The first was from TfL, presenting me with the Keys to the City:
Or rather a key, my Boris bike key. Until this summer, I thought that my continued possession of an oyster card would be enough to mark me out from the tourist herd as at least an ex-Londoner, if no longer a fully-fledged citizen. But oyster schmoyster, I’m pretty sure all the really cool Londoners are zipping about on Boris bikes these days. I’ve been planning to use this scheme ever since it was announced. The last time I was down there the number of bikes was phenomenal and I felt pretty resentful at having to trudge around on foot, but my next visit will be different. Come Monday I’ll be zipping about on two wheels instead and I can’t wait, although I could wish that the map in the accompanying leaflet was a little more useful.
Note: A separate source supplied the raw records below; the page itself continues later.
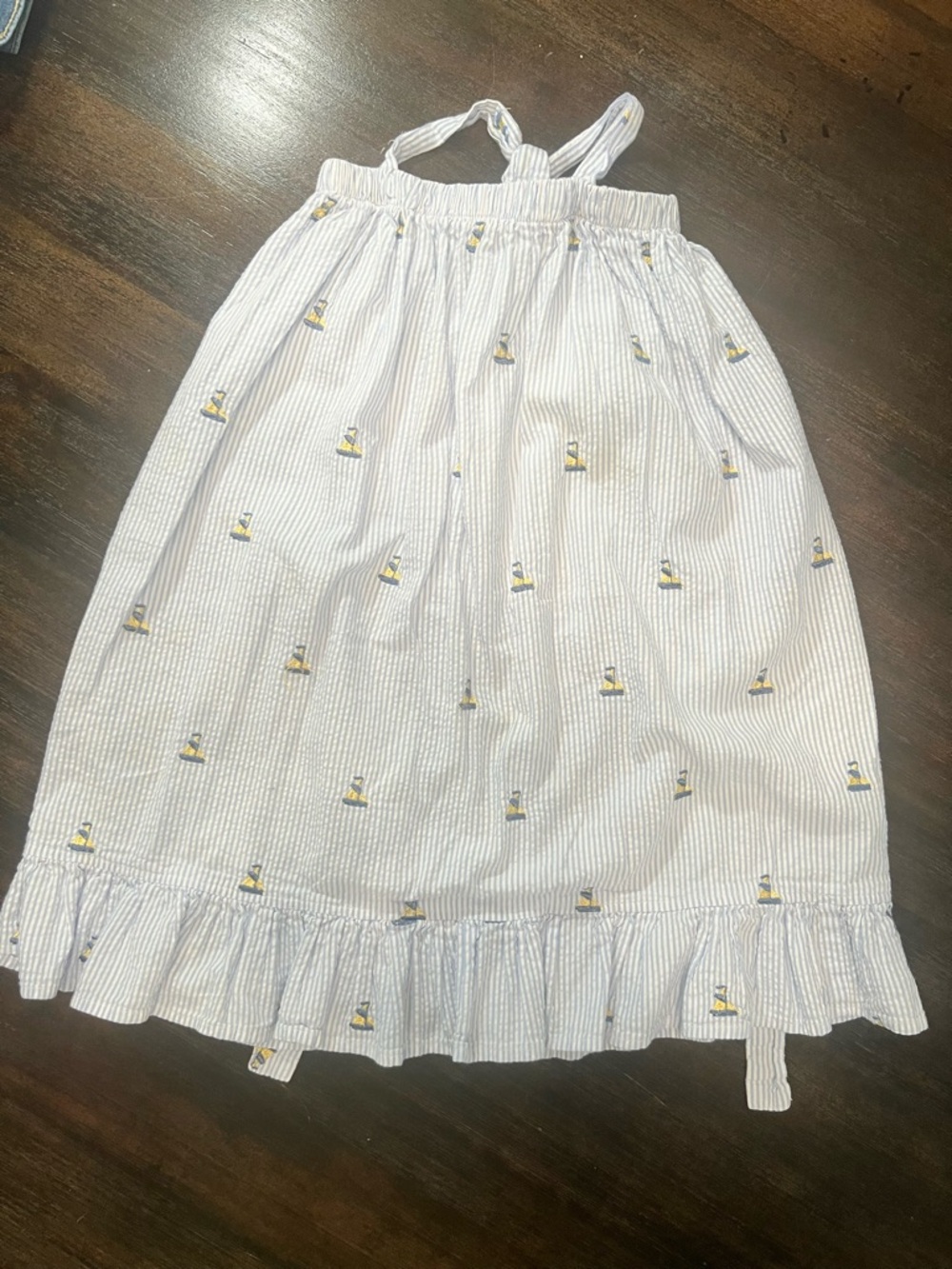 Light Blue Striped A-Line Skirt with Yellow Sailboat Embroidery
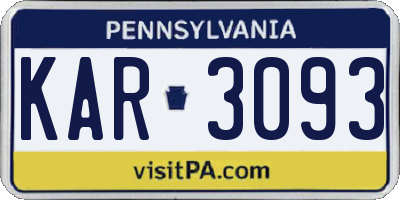 PA license plate KAR3093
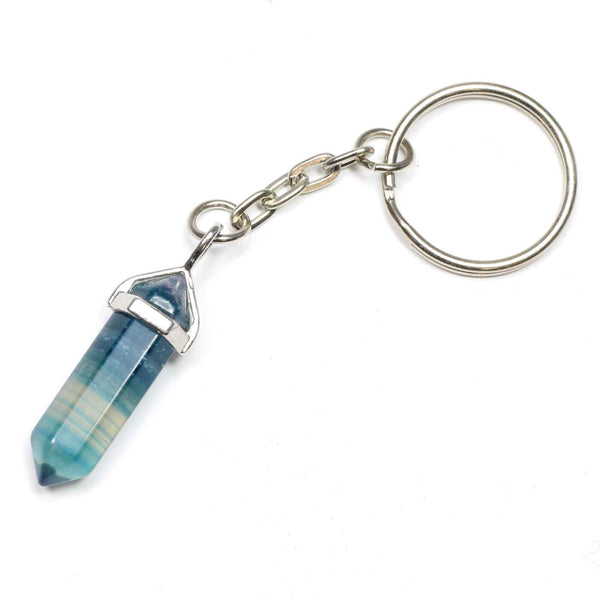 Fluorite Crystal Point Keyring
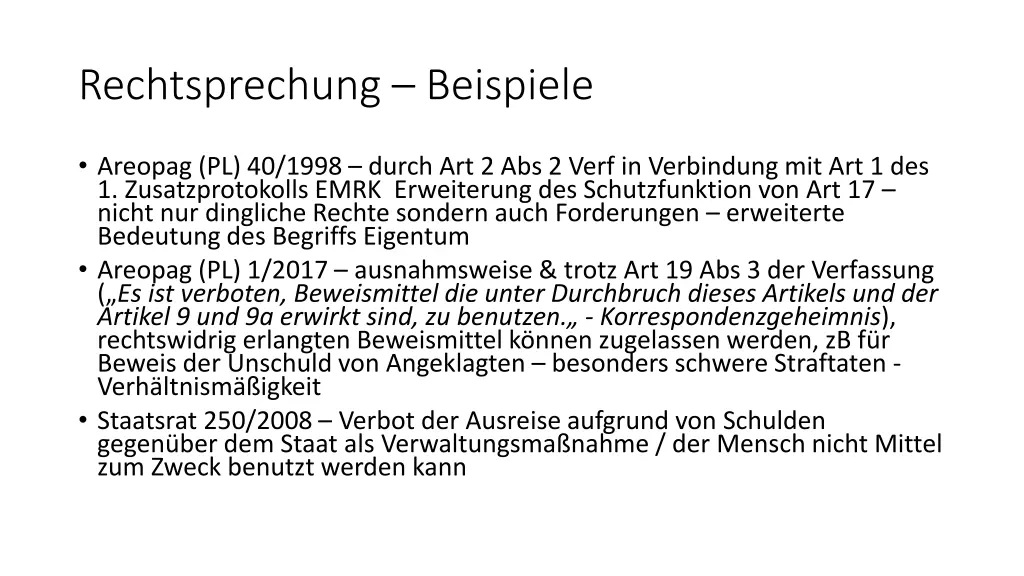 rechtsprechung beispiele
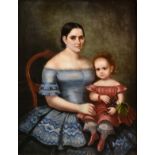FRENCH SCHOOL, A PAINTING, "Lady in a Blue Dress with Child holding Grapes," oil on canvas. 50" x 38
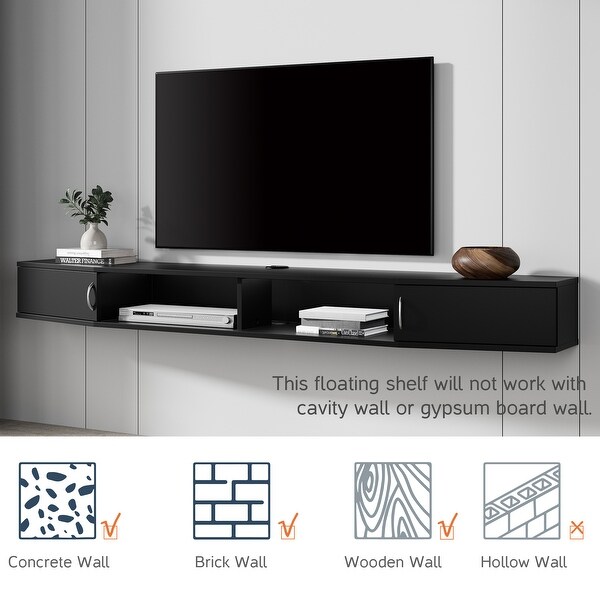 Fitueyes 70'' Floating TV Stand Wall Mounted TV Shelf Media Console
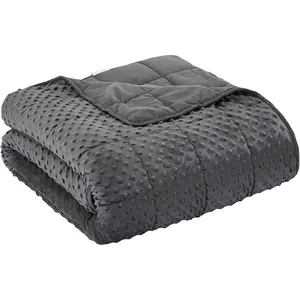 Comfortable Soft Throw Weighted Blanket for Kids with Premium Glass Beads for All Season 5 lbs 40"x60" Dark Grey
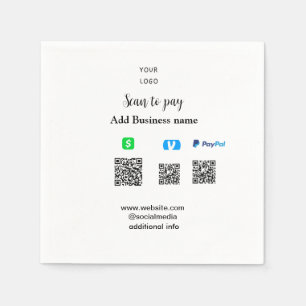Paypal Cashapp venmo scan to pay QR add business Napkins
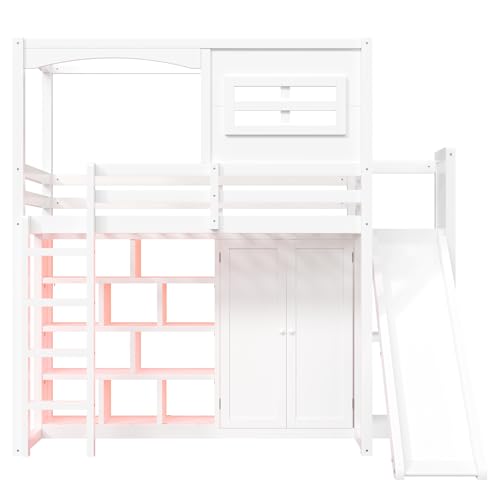 Merax Multifunction Wood Loft Bed with Wardrobe & Storage Shelves, Twin House Shaperd Loft Bed with Slide for Boys, Girls, No Box Spring Needed, Space Saving, White Merax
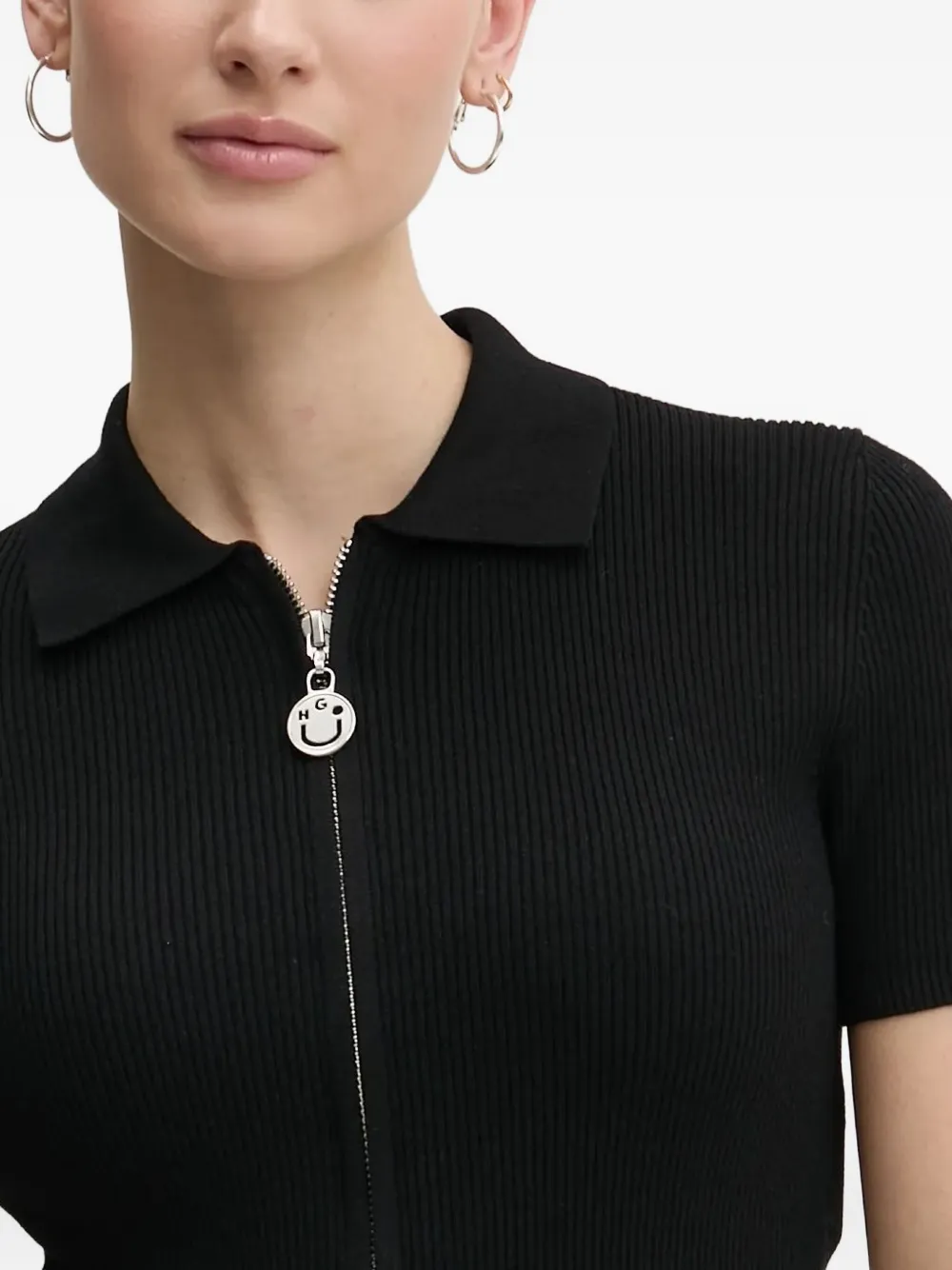 Hugo Boss Zip-front Ribbed Knit Top In Black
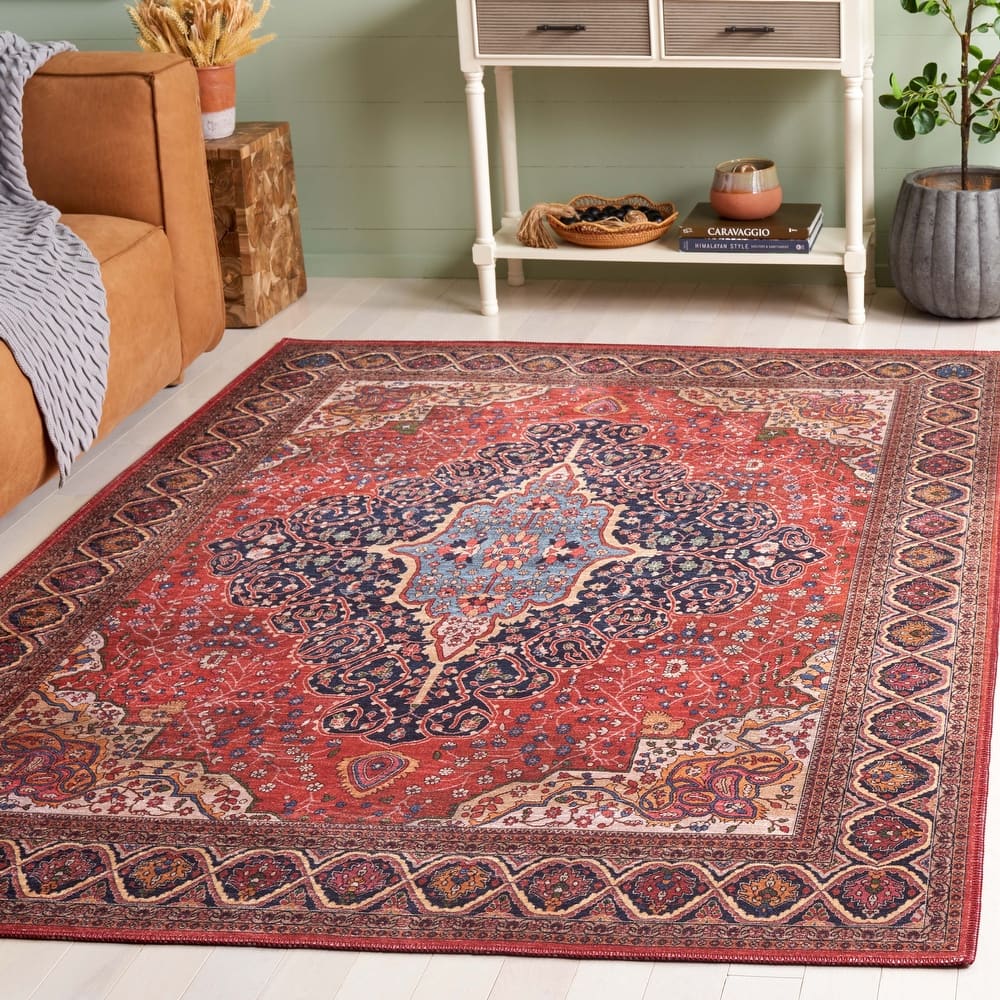 SAFAVIEH Serapi Leatha Traditional Machine Washable Cotton Rug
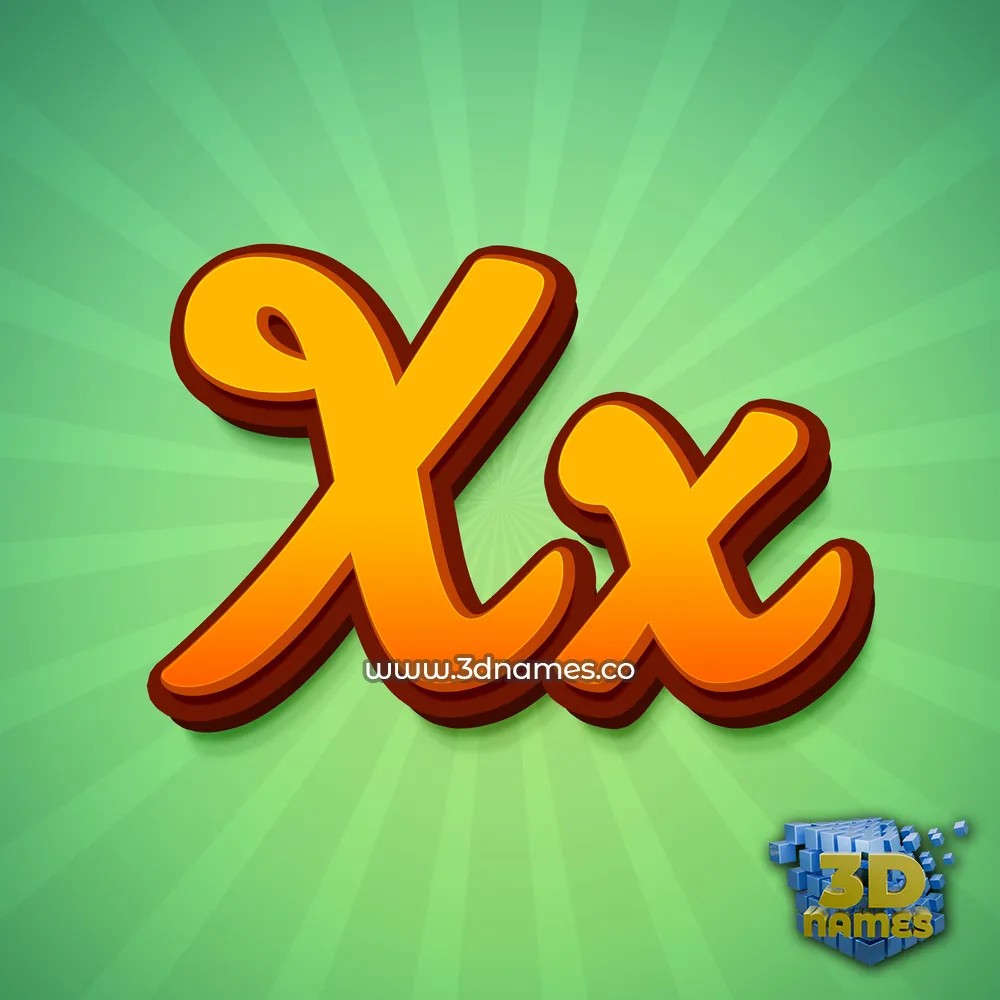 xx in Green Rays style - 3D name wallpaper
I mean, I know the Superficial Cycle Highways and other routes have been slated by the bike blogging community but I didn’t think they were so bad that they wouldn’t bother to put them on a map that will be going out to any number of London cyclists. And I know cyclists are notorious scofflaws who like nothing better than to zip the wrong way up one-way streets, but they could at least mark them on the map so we know we’re about to break the law, no? Still, at least the key came in time – I only signed up on Sunday night. I could see nowhere on the TfL website where it told me how long it would take for the key to arrive so I was worried it wouldn’t make it before I left, but fellow twitterers reassured me the process was quick and I took the risk and it paid off. So yay!
And even more yay:
A passing comment on a post about h****** led to an astoundingly generous offer from Karl of Do the Right Thing of some of his home-made bagels. Well, I wasn’t going to say no to that, was I? Sure enough a very fragrant parcel arrived, even more promptly than my bike key, and the contents were sliced*, toasted and promptly consumed for tea.
I just hope the Boris bike key proves a little longer lasting… I suspect it wouldn’t taste anything like as good though.